The top priority of improving our transportation network is to reduce congestion which would improve the quality of life and make our region more attractive to top employers and professionals. Infrastructure and bus improvements short of rail will certainly assist with relieving congestion; and with continued political efforts can be brought to reality. But will these initiatives ever really ease the nightmare conditions that people have been subjecting themselves to for decades?
In any city – no matter how robust the transit system is or how often the trains run on time the fact that most people commute to and from work within the same 2-hour period of time remains the fundamental cause of congestion.
This past summer I was introduced to and last month profiled by the founders of The Work Revolution, which is a movement + advocacy group that promotes human and meaningful work for everyone.
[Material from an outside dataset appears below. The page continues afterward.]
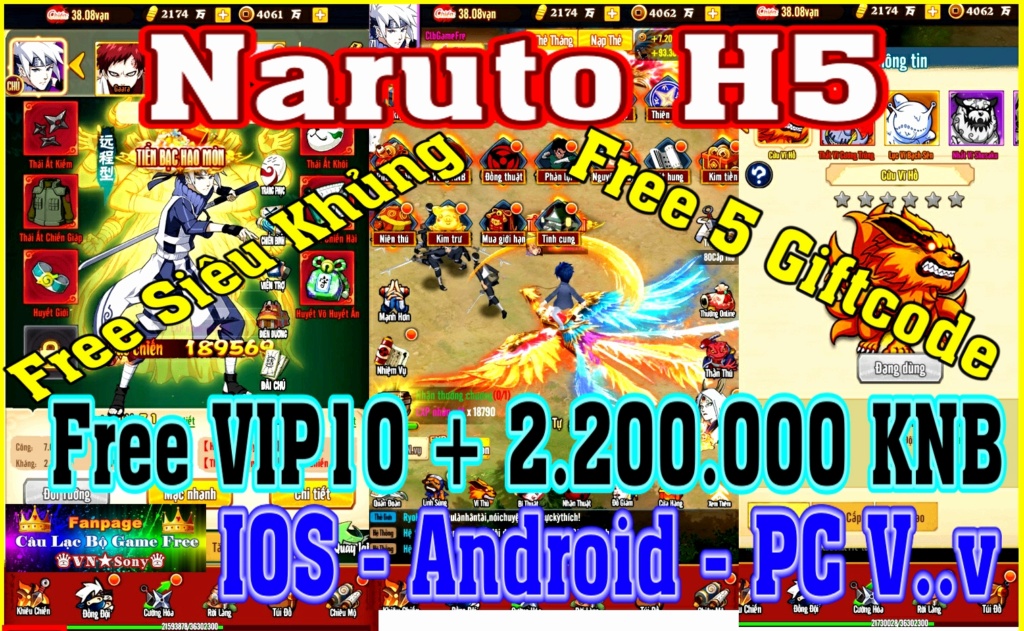 Naruto H5 - Free VIP10 + 2 Triệu KNB + 5 Code ( IOS - Android - PC ) Untitl10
Co-founder Josh Allan Dykstra describes the group as “pioneers designing radically life-giving places to work.”
It is essential that we embrace these pioneering ideas in our quality of life discussions around transportation. We must begin aggressively thinking outside of the 8-5 box that reduces productivity and diminishes employee well being.
Why does the world need a work revolution?
As early as 1817 Welsh factory owner Robert Owen envisioned the use of an eight-hour workday and coined the slogan “Eight hours labour, Eight hours recreation, Eight hours rest” as a way for workers to have a balanced life. Most people today have anything but a balanced life and many continually compromise personal fulfillment in favor of working more and more hours. The madness has to stop.